> _EXERCISE DATA_
==*==

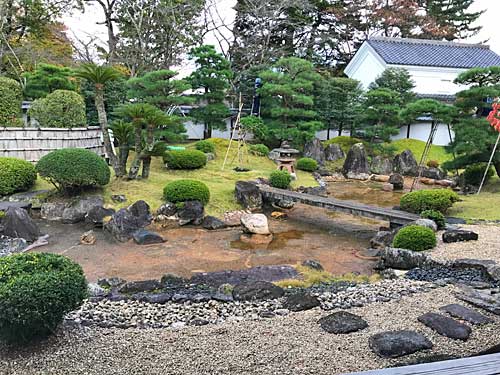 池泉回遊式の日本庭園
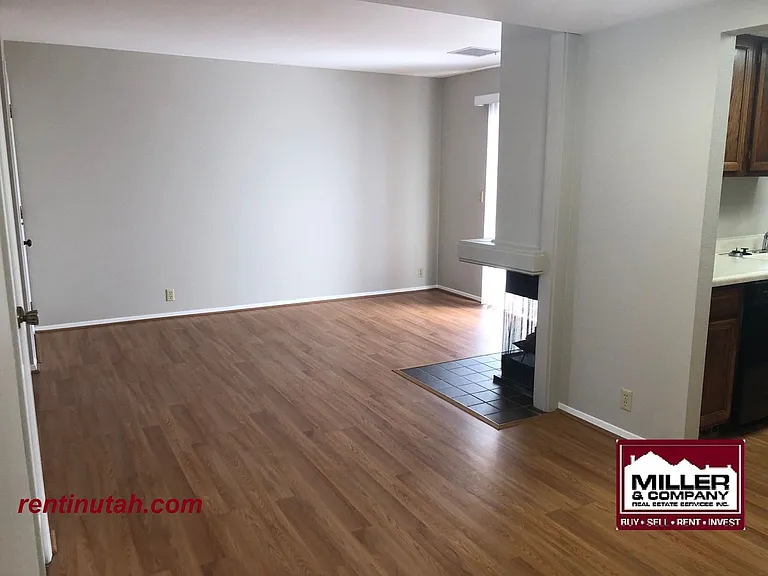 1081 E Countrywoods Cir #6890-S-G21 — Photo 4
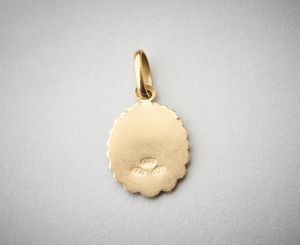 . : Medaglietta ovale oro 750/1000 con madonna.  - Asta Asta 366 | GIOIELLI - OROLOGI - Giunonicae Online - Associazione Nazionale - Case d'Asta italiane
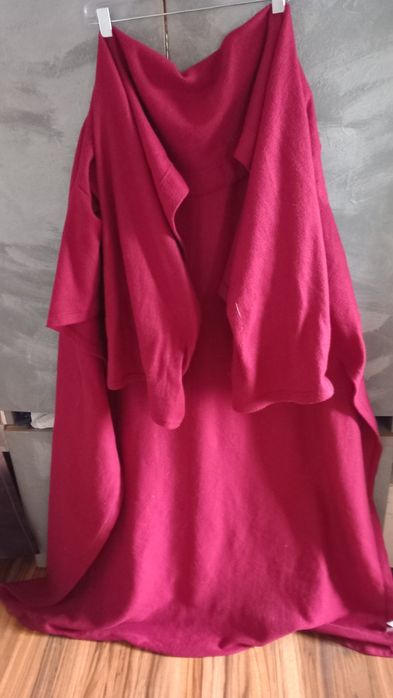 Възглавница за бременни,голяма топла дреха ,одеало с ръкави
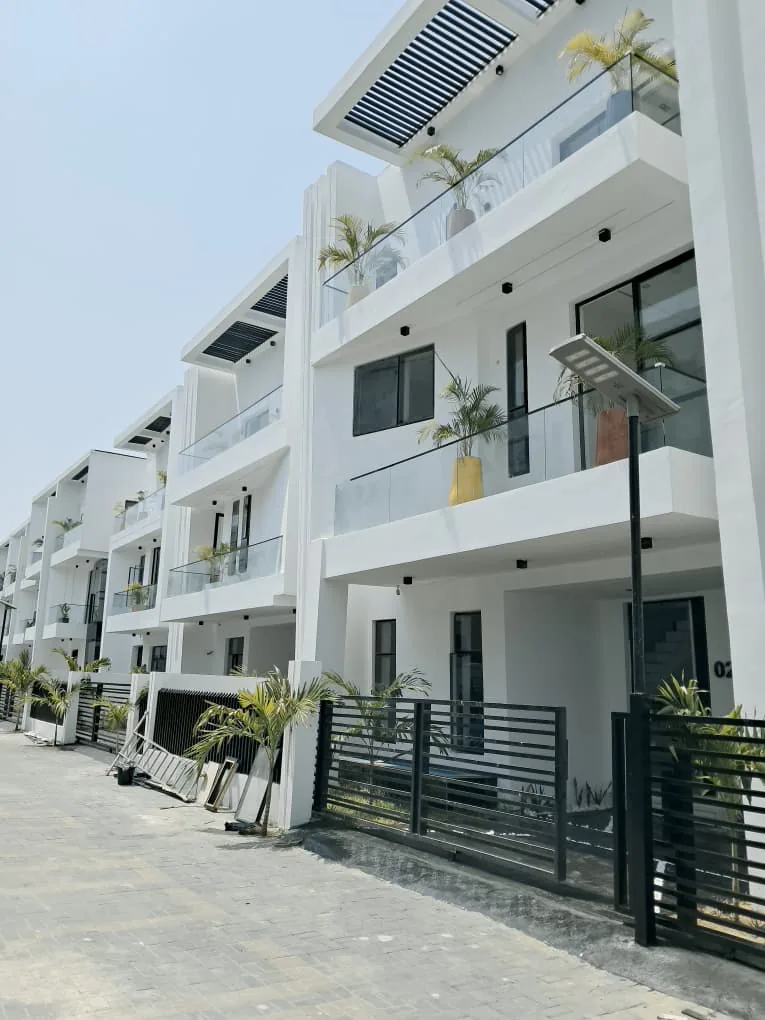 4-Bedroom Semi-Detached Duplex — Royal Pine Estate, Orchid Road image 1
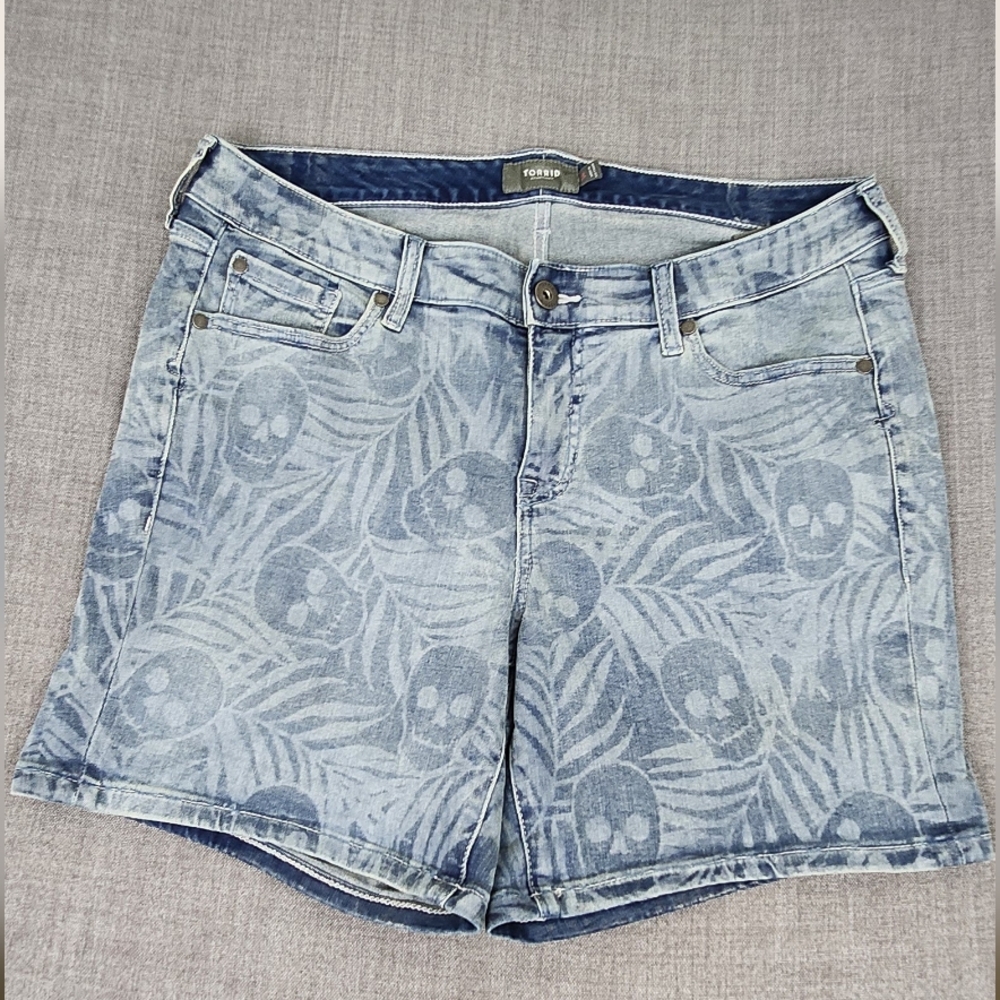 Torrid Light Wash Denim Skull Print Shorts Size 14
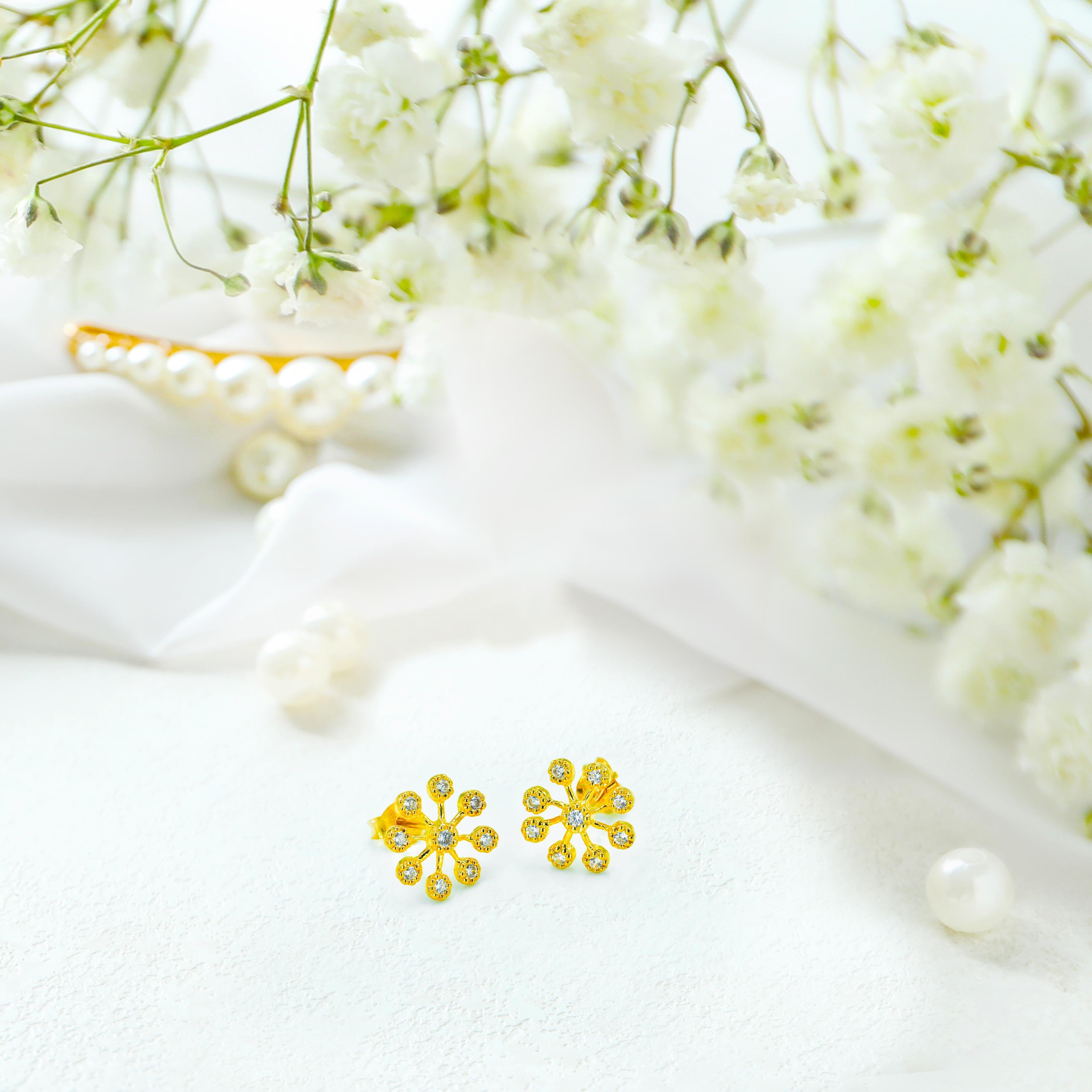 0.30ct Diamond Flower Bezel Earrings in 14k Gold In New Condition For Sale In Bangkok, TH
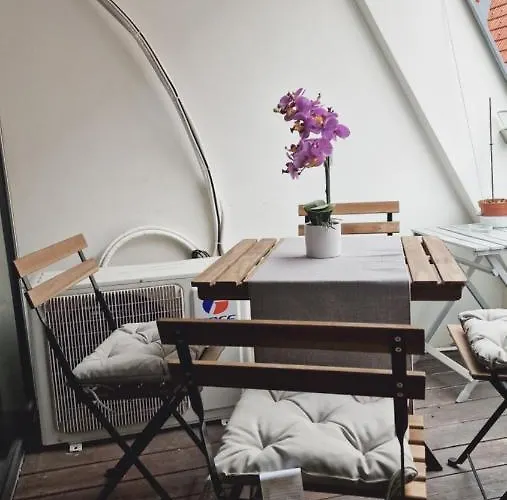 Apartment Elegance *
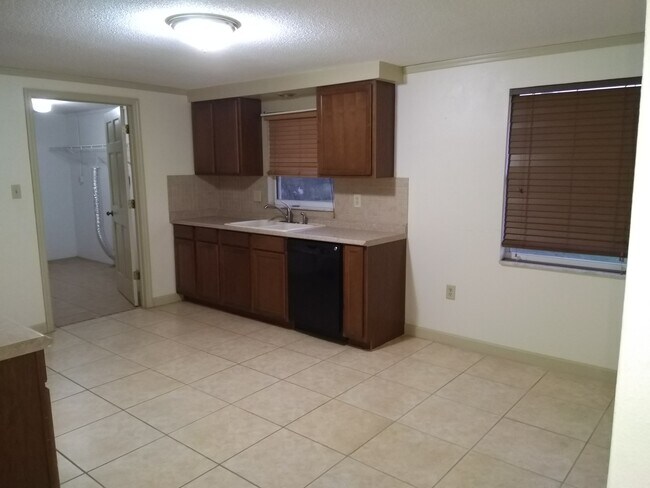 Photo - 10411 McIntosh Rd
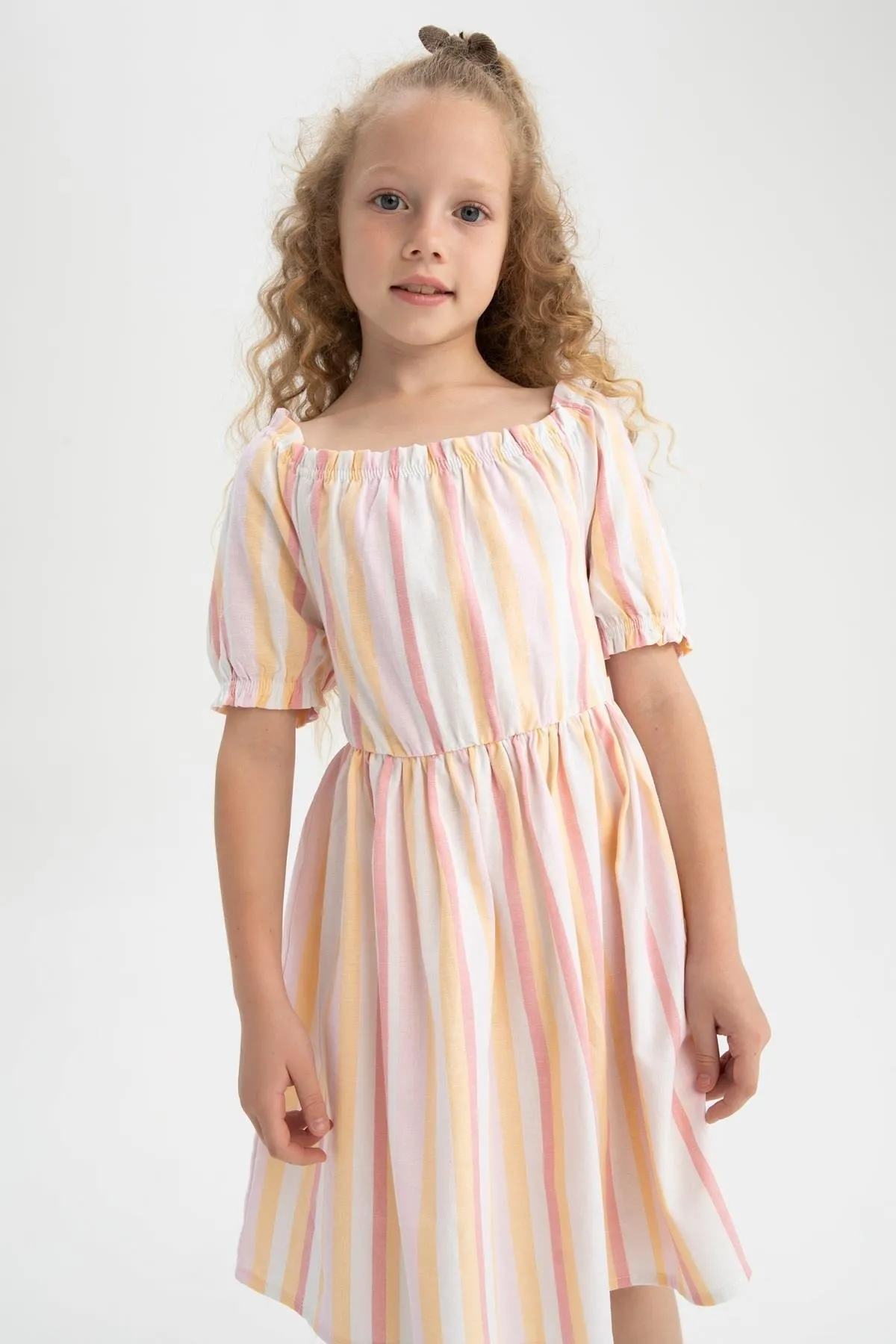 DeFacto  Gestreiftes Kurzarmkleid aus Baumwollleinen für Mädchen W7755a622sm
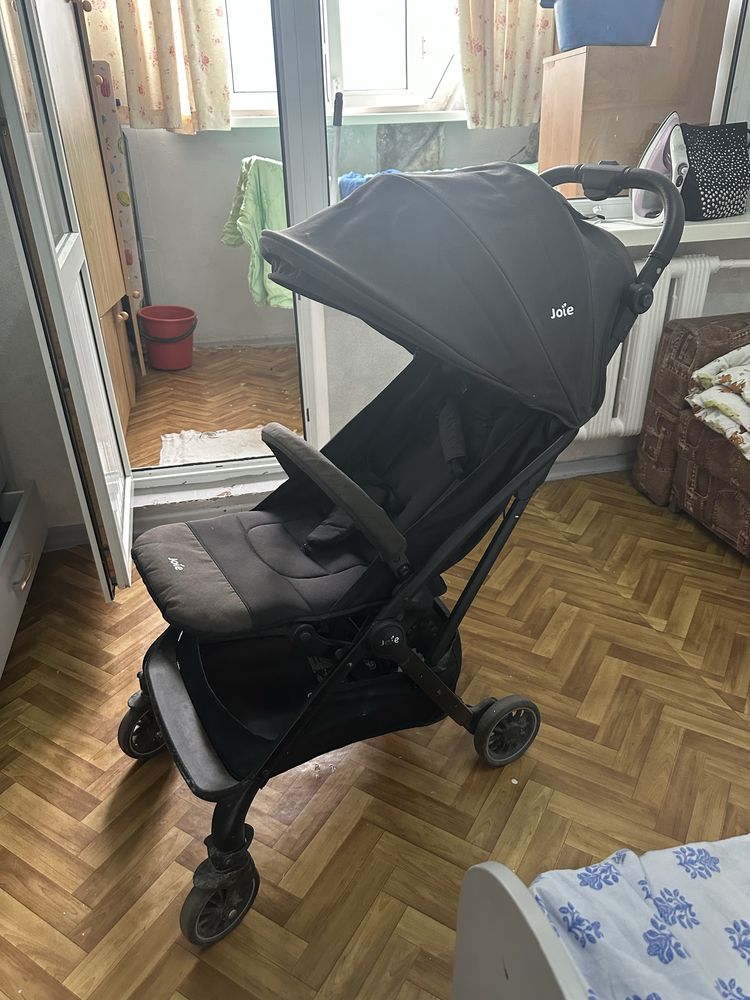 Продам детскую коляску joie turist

==*==

> _DIRECTIONS FOR THIS TASK_
Your copy must consist solely of the lines from the one containing "Torrid Light Wash" through the final line of the material above, transcribed exactly, with the pictures left out.

> _WORKED SOLUTION_
 Torrid Light Wash Denim Skull Print Shorts Size 14
 0.30ct Diamond Flower Bezel Earrings in 14k Gold In New Condition For Sale In Bangkok, TH
 Apartment Elegance *
 Photo - 10411 McIntosh Rd
 DeFacto  Gestreiftes Kurzarmkleid aus Baumwollleinen für Mädchen W7755a622sm
 Продам детскую коляску joie turist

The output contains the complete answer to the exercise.